This has been quite a ride, but it is settling down. Rossi has thrown
a monkey wrench in the whole thing, with his Energy Catalyzer,
apparently using Ni-H. Pd-D might remain a scientific curiosity, the
effect may be too fragile for power generation. What Pd-D showed was
that LENR was possible, which is why those who know have not
knee-jerk rejected Rossi, for his work, contrary to what is claimed
sometimes even in sympathetic sources, does not contradict known
principles of physics, though some of his proposed explanations
might. It is not completely unexpected that heat could be generated
by Ni-H. That was a previously reported effect, it was simply not
pursued by many, as was the much more widely reported Pd-D effect. I
do know that, in conversations with cold fusion researchers, it
frequently came up that the future might lie with Ni-H, because the
materials are so much more available, so cheap. And that was before
Rossi's work was widely known.
What is new with Rossi is that we are clearly down to two
possibilities: sophisticated and deliberate fraud, or a real and very
powerful -- and useful -- effect. Tea can now be brewed, I'm hoping
for Rossi to donate an E-Cat to be used to brew tea, it will satisfy
a certain longing from a certain skeptic. I hope he enjoys the tea.
What's his favorite kind?
(Fraud remains a possibility only because the human capacity to
invent fraudulent appearance is limitless, bounded only by
practicality, and if a trillion dollars of value is at stake,
"practicality" can stretch pretty far; for example, buying off
observers must not be considered impossible, as it would normally be
where lesser value is involved. I consider "fraud" at this point,
with all the observers involved, to be quite a remote possibility,
and, my easy guess, U.S. military intelligence has people checking
this out, this is classic "disruptive technology," and miltary
intelligence, we know, has already been looking carefully at cold
fusion, with reports supporting the possibility of eventual
commercial applications. If this is fraud, it would be in the U.S.

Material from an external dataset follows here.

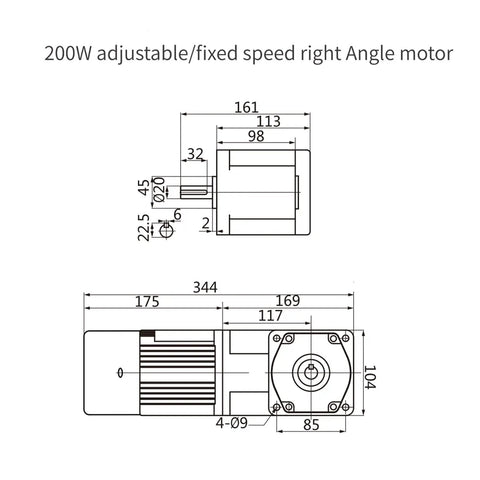 Technical diagram of 110V 200W Beefy Speed Reduction Motor with 90 Degree Output Adjustable Gear Ratio 45 RPM AC Gear Reduction Motor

interest to expose it as soon as possible, because, I have
information, advisory resources are already moving toward support for
Ni-H investigation, in the U.S. and elsewhere. The fraud hypothesis
only has support, so far, from speculation and inference from claims
that Rossi was previously involved in fraud, which is, shall we say,
speculative itself, it is merely something that can be asserted with
a straight face. Most of the characteristics of the Rossi
demonstrations that have attracted skeptical comment are easily
explainable. As to the science, it's all premature, guesswork,
scouring sketchy reports, looking for flaws, and, no surprise, flaws
and inconsistencies can be found, proving nothing. So far.)